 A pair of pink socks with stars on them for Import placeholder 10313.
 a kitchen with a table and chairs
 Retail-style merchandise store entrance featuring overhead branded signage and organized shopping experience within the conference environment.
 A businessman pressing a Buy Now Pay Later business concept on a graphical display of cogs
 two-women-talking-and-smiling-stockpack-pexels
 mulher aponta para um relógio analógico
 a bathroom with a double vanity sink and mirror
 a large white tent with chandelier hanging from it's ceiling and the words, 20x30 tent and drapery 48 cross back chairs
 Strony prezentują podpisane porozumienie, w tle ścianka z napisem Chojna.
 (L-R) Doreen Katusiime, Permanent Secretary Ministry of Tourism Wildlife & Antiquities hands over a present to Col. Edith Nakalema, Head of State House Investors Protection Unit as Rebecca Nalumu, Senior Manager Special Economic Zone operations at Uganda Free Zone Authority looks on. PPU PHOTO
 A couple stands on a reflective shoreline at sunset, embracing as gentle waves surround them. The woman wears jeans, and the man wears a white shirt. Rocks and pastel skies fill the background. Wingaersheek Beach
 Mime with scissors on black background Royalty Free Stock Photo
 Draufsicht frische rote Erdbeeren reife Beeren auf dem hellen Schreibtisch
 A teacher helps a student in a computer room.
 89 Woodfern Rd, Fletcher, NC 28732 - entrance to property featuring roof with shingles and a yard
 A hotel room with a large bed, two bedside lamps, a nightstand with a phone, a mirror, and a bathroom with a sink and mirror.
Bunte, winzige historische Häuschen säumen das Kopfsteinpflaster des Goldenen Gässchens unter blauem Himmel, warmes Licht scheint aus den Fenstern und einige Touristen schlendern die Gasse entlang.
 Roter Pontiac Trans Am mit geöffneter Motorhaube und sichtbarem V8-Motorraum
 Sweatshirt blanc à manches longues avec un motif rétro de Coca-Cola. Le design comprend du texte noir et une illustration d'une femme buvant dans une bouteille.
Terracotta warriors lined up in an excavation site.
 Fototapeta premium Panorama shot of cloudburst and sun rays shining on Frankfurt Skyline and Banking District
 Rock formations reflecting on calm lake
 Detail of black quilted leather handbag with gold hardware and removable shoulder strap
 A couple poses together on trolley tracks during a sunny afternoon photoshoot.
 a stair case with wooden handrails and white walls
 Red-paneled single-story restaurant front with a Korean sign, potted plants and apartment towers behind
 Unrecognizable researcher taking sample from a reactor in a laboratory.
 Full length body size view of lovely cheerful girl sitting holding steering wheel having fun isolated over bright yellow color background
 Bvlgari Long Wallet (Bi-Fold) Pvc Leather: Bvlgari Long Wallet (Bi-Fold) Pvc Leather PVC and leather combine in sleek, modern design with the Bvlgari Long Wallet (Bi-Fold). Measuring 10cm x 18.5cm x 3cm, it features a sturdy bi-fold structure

· · · · ·

What the task asks →
Above are the records; from them, give again exactly the lines from the one containing "a kitchen with a table and chairs" through the one containing "(L-R) Doreen Katusiime, Permanent", both included.

Answer section →
 a kitchen with a table and chairs
 Retail-style merchandise store entrance featuring overhead branded signage and organized shopping experience within the conference environment.
 A businessman pressing a Buy Now Pay Later business concept on a graphical display of cogs
 two-women-talking-and-smiling-stockpack-pexels
 mulher aponta para um relógio analógico
 a bathroom with a double vanity sink and mirror
 a large white tent with chandelier hanging from it's ceiling and the words, 20x30 tent and drapery 48 cross back chairs
 Strony prezentują podpisane porozumienie, w tle ścianka z napisem Chojna.
 (L-R) Doreen Katusiime, Permanent Secretary Ministry of Tourism Wildlife & Antiquities hands over a present to Col. Edith Nakalema, Head of State House Investors Protection Unit as Rebecca Nalumu, Senior Manager Special Economic Zone operations at Uganda Free Zone Authority looks on. PPU PHOTO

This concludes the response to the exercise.